SINGAPORE: Oil prices on Tuesday were within reach of four-year highs hit in the previous session, as looming US sanctions against Iran and unwillingness by the Organization of the Petroleum Exporting Countries (OPEC) to raise output supported the market.
Brent crude futures were at $81.45 per barrel at 0421 GMT, up 25 cents, or 0.3 percent, and close to the intraday peak touched the previous day at $81.48, the highest level since November 2014.
US West Texas Intermediate (WTI) crude futures were at $72.27 a barrel, up 19 cents, or 0.3 percent from their last settlement.
The United States from Nov. 4 will target Iran’s oil exports with sanctions, and Washington is putting pressure on governments and companies around the world to fall in line and cut purchases from Tehran.

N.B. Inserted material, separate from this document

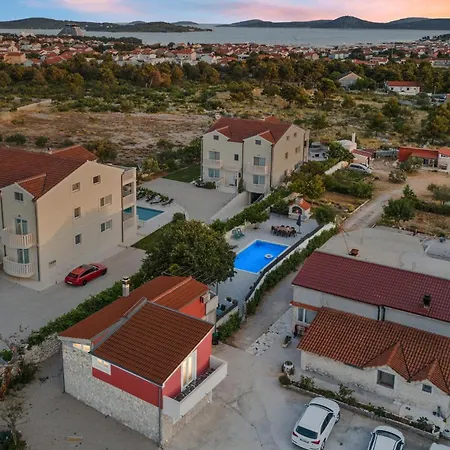 Holiday home Lovely In With Kitchen Vodice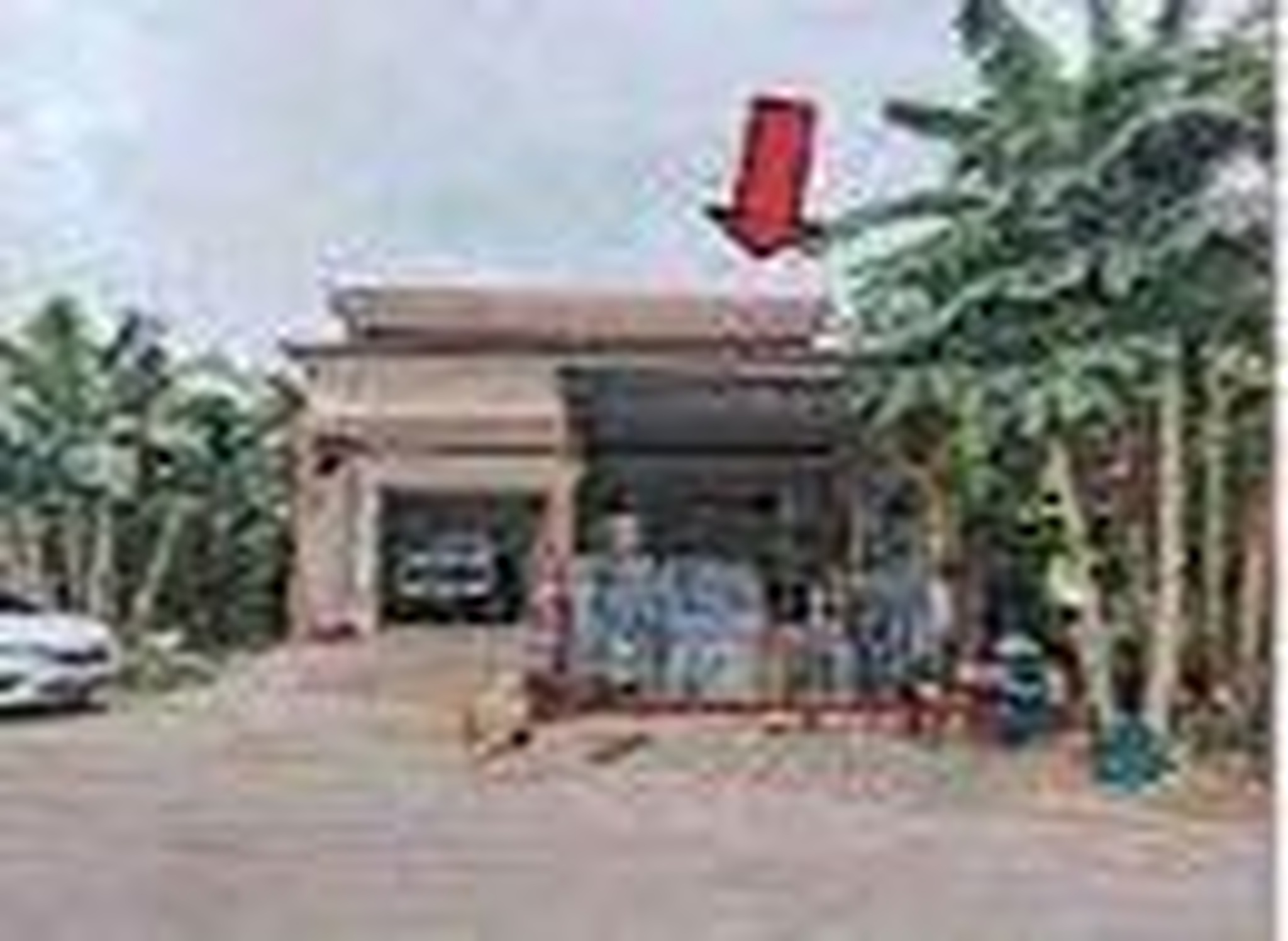 ทรัพย์สถาบันโดย GHB บ้านแฝด คลองตาล ริเวอร์ไชด์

“Iran will lose sizeable export volumes, and given OPEC+ reluctance to raise output, the market is ill-equipped to fill the supply gap,” Harry Tchilinguirian, global head of commodity markets strategy at French bank BNP Paribas, told the Reuters Global Oil Forum on Tuesday.
OPEC+ is the name given to the group of oil producers, including non-OPEC supplier Russia, that agreed to curtail output starting in 2017.
While Britain, China, France, Germany, Russia and Iran on Tuesday said they were determined to develop payment mechanisms to continue trading despite the sanctions by the United States, most analysts expect Washington’s actions to knock between 1 million and 1.5 million barrels per day (bpd) of crude oil supplies out of markets.
“We view Brent’s rally above $80 per barrel as fundamentally justified,” said Fitch Solutions in a note.
US President Donald Trump has demanded that OPEC and Russia increase their supplies to make up for the expected fall in Iranian exports. Iran is the third-largest producer in OPEC.
OPEC and Russia, however, have so far rebuffed such calls.
“Any formal decision on oil output by the producer group, barring an extraordinary meeting, will only take place at the December meeting. Thus, the window period for oil prices to potentially extend gains is quite wide as Iran loses exports and OPEC+ remains on standby,” Tchilinguirian said.
Ashley Kelty, oil analyst at financial services firm Cantor Fitzgerald said crude could soon hit $90 per barrel.
“We don’t believe OPEC can actually raise output significantly in the near term, as the physical spare capacity in the system is not that high,” Kelty said.
Bank of America Merrill Lynch has lifted its average Brent price forecast for 2019 from $75 per barrel to $80, while it increased its WTI crude oil forecast by $2 to $71 per barrel.
The bank said “the Iran factor may dominate the market near-term and cause a (crude price) spike,” although it added that emerging market “demand concerns could reappear thereafter.”
Indian refiners — struggling from high crude feedstock prices and a sliding rupee — are planning to reduce oil imports in what could be a first sign that high prices are starting to hurt demand.
Despite the bullish sentiment, some traders said current prices already reflected the tighter market, and that more oil would be coming in 2019.
Commodity trading giant Vitol said on Tuesday that non-OPEC producers, especially the United States, may insert up to 2 million bpd of new crude into the market in 2019.
To reflect rising US oil exports, CME Group Inc. said on Monday it will launch a WTI Houston crude futures contract in the fourth quarter.
CME’s announcement comes after rival Intercontinental Exchange said in July it would offer a Houston crude futures contract.